PURPOSE: Beamlets are generated in a patient geometry in the presence of a magnetic field to investigate the effects of tissue density and magnetic field on beamlet dose distributions, which is important for the optimization of photon fluence to be delivered by a linac-MR system. METHODS: 50×50 mm2 fields were placed with isocenter in the middle of a patient's right lung. Each treatment field was decomposed into 100 beamlets (each 5×5 mm2 ). BEAMnrc scored the particle phase space at 100.2 cm from the source in the linac-MR geometry (isocentre at 126 cm) with parallel magnetic fields of 0, 0.56, and 3T. DOSXYZnrc was modified to score the energy deposited by particles from this phase space as a function of the beamlet the particle passed through. The calculation volume of 70×46×64 voxels encompassed the patient with a voxel size of 3×3×3 mm3 . Each beamlet was normalized to the dose calculated to a 3×3×3 mm3 voxel with isocenter at 5cm depth in a flat water tank without a magnetic field. RESULTS: Beamlet files were calculated on Western Canada's high performance computing cluster (Westgrid) using 100 processors, enabling simulation of 109 histories in less than 3 hours. The resulting files, which contained 3D dose distributions for all 100 beamlets, were 81 MB per field. The Monte Carlo uncertainty was also stored. The gyroradii for 1 MeV electron traversing field lines at 20 degrees are 2.9mm and 0.5mm for 0.56 and 3T fields respectively.
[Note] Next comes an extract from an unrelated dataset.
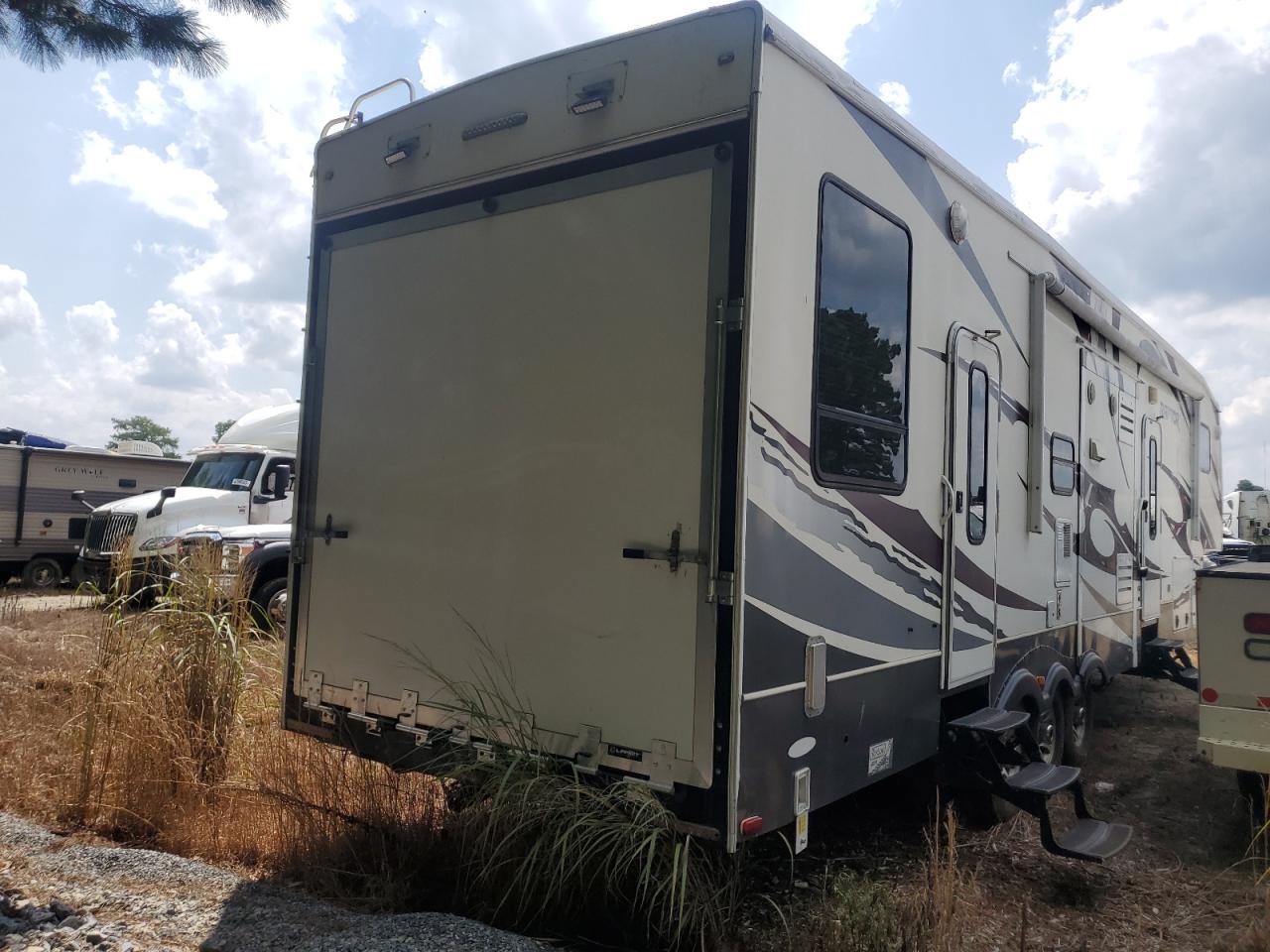 Keystone Raptor 381 Image 2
The 0.56T parallel magnetic field has a small effect compared to the distortion of the beamlet introduced by the presence of lung. CONCLUSIONS: The effect of tissue heterogeneities is more significant than the effect of a 0.56T parallel magnetic field. A 3T field refocuses the dose in lung to the beamlet path and significantly reduces the lateral electron scatter.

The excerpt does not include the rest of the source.